### SUPPLIED DATA
#####

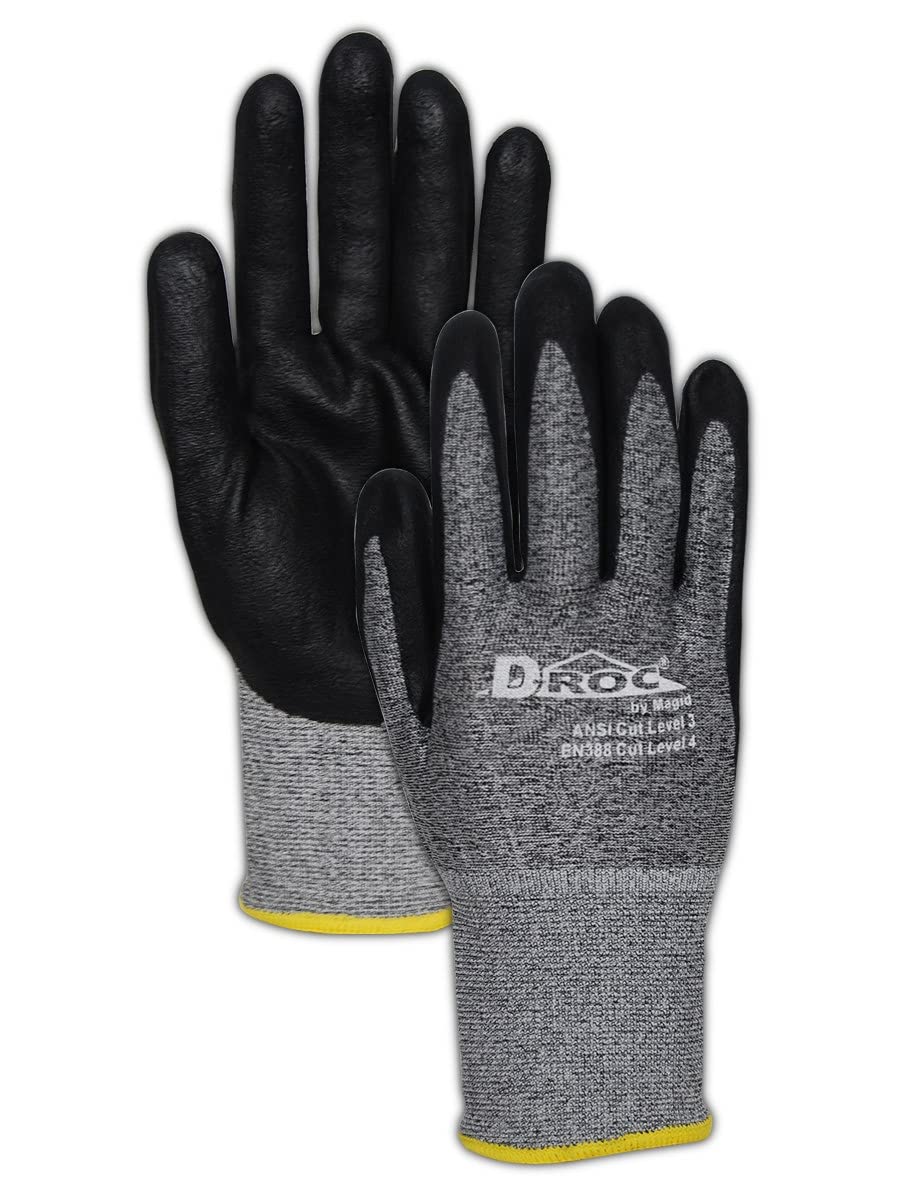 Glove & Safety GPD583-12 D-ROC GPD583 18-Gauge HPPE Blend Micro-Foam Nitrile Palm - Cut Level 3, ANSI Abrasion 4, Blended Micro-Foam Nitrile, Size 8, Black/Grey (12 Pairs)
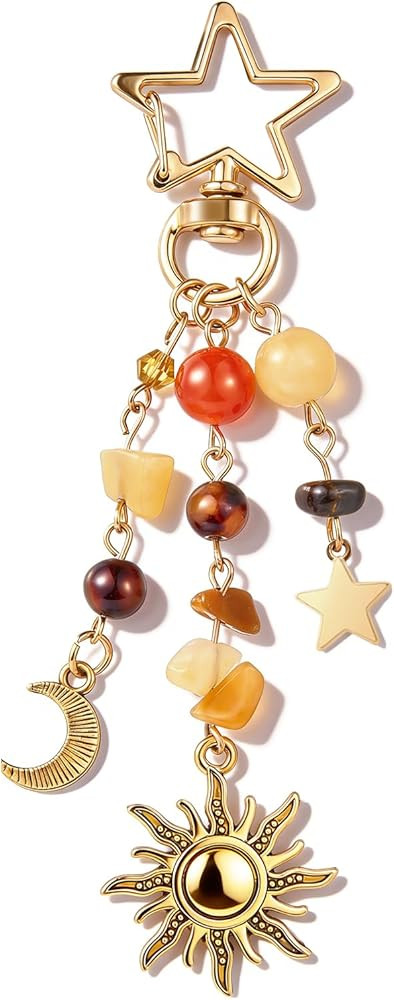 Sun and Moon Keychain Colorful Star Beads Gemstone Charm, Y2K Aesthetic Purse Charm for Women,Men... | Amazon (US)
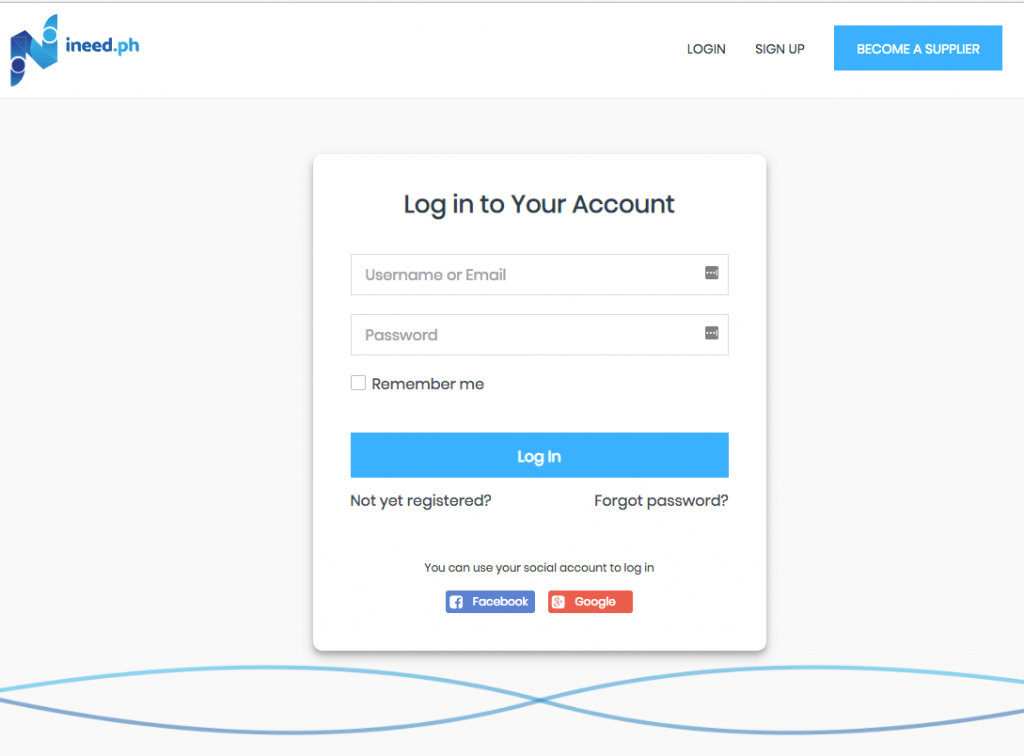 Login page for the registered users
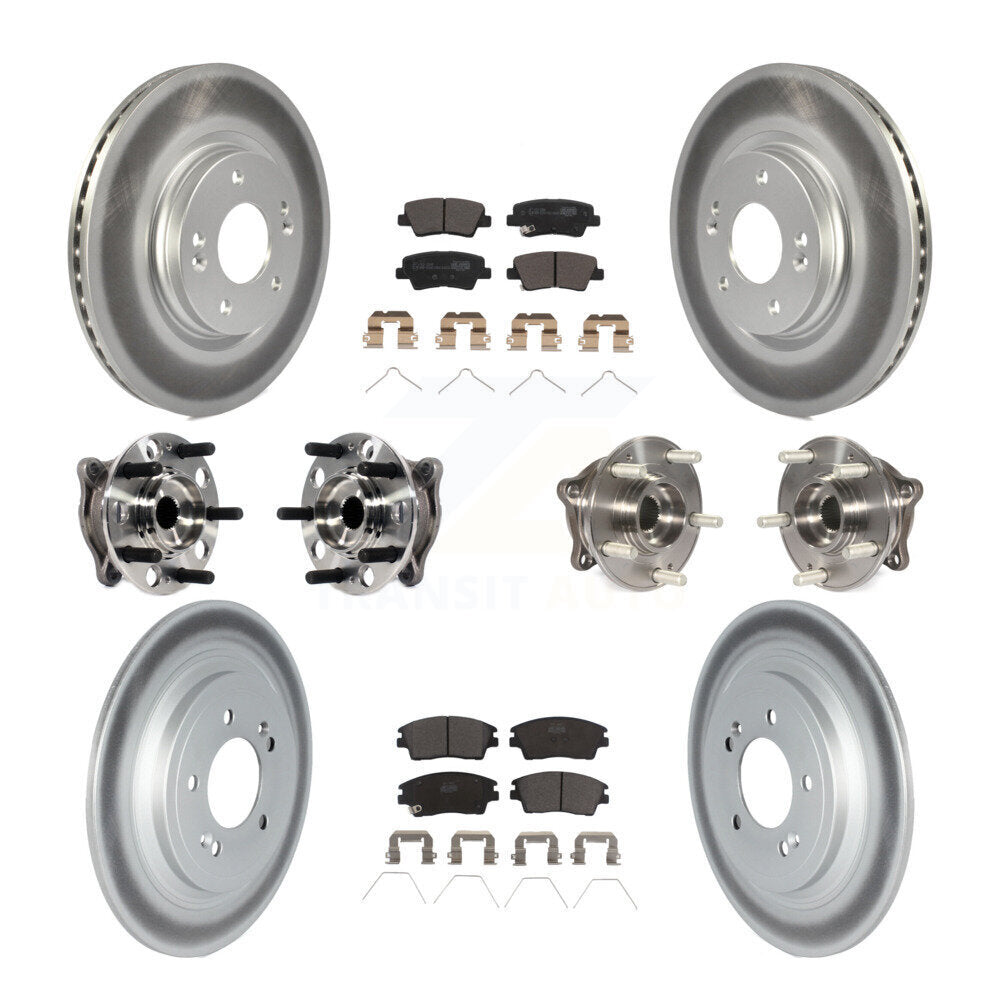 Front Rear Hub Bearing Coated Brake Rotor Pads Kit (10Pc) For Kia Sportage Hyundai Tucson KBB-123099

#####

### PROBLEM
Nothing but an exact copy of the data above, minus its pictures, should appear in the response.

### FINISHED TASK
 Glove & Safety GPD583-12 D-ROC GPD583 18-Gauge HPPE Blend Micro-Foam Nitrile Palm - Cut Level 3, ANSI Abrasion 4, Blended Micro-Foam Nitrile, Size 8, Black/Grey (12 Pairs)
 Sun and Moon Keychain Colorful Star Beads Gemstone Charm, Y2K Aesthetic Purse Charm for Women,Men... | Amazon (US)
 Login page for the registered users
 Front Rear Hub Bearing Coated Brake Rotor Pads Kit (10Pc) For Kia Sportage Hyundai Tucson KBB-123099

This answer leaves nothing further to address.